DIRECTIONS FOR THIS TASK
Return the complete listing exactly as it reads, with each picture removed.

SUPPLIED MATERIAL

==================================================

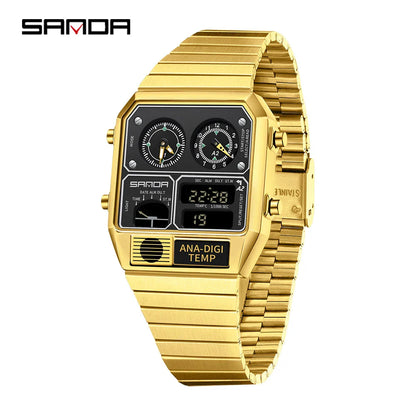 SANDA 3192 Men’s LED Square Watch — Youth Casual Multi-Function Stopwatch Thermometer Chronograph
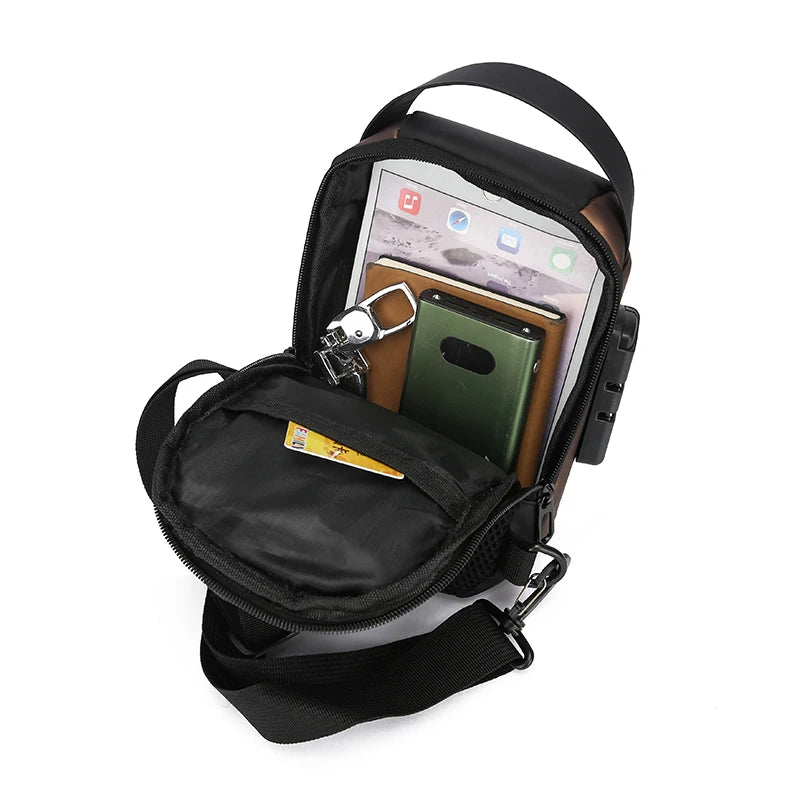 Anti-Theft Chest Bag for Men – USB Charging Crossbody Sling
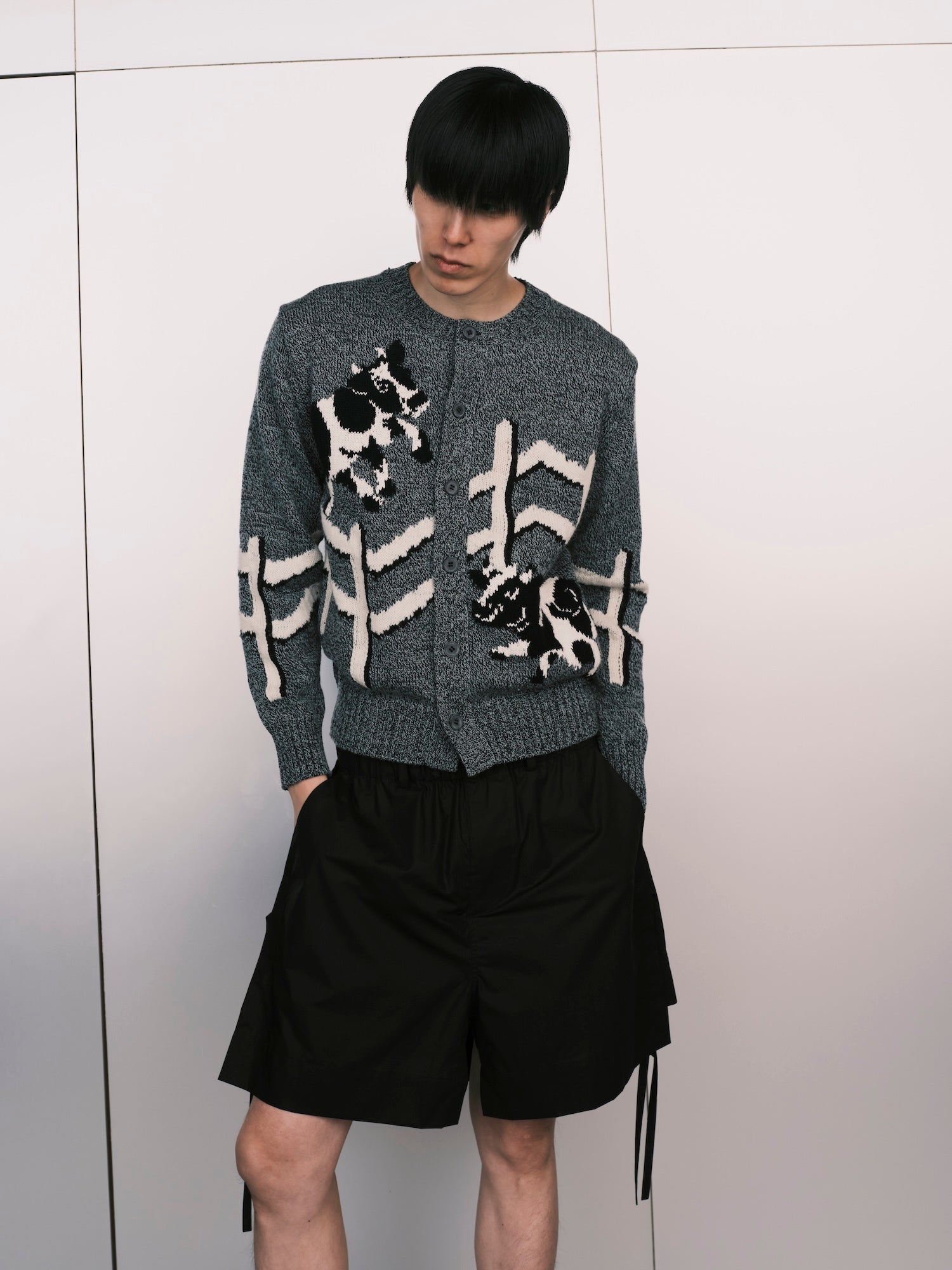 Intarsia Silk Knit Cardigan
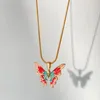 Pendant Necklaces Exquisite Enamel Butterfly Necklace For Women Charm Elegant Clavicle Chain Accessories Jewelry Gift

==================================================

ANSWER SECTION
 SANDA 3192 Men’s LED Square Watch — Youth Casual Multi-Function Stopwatch Thermometer Chronograph
 Anti-Theft Chest Bag for Men – USB Charging Crossbody Sling
 Intarsia Silk Knit Cardigan
 Pendant Necklaces Exquisite Enamel Butterfly Necklace For Women Charm Elegant Clavicle Chain Accessories Jewelry Gift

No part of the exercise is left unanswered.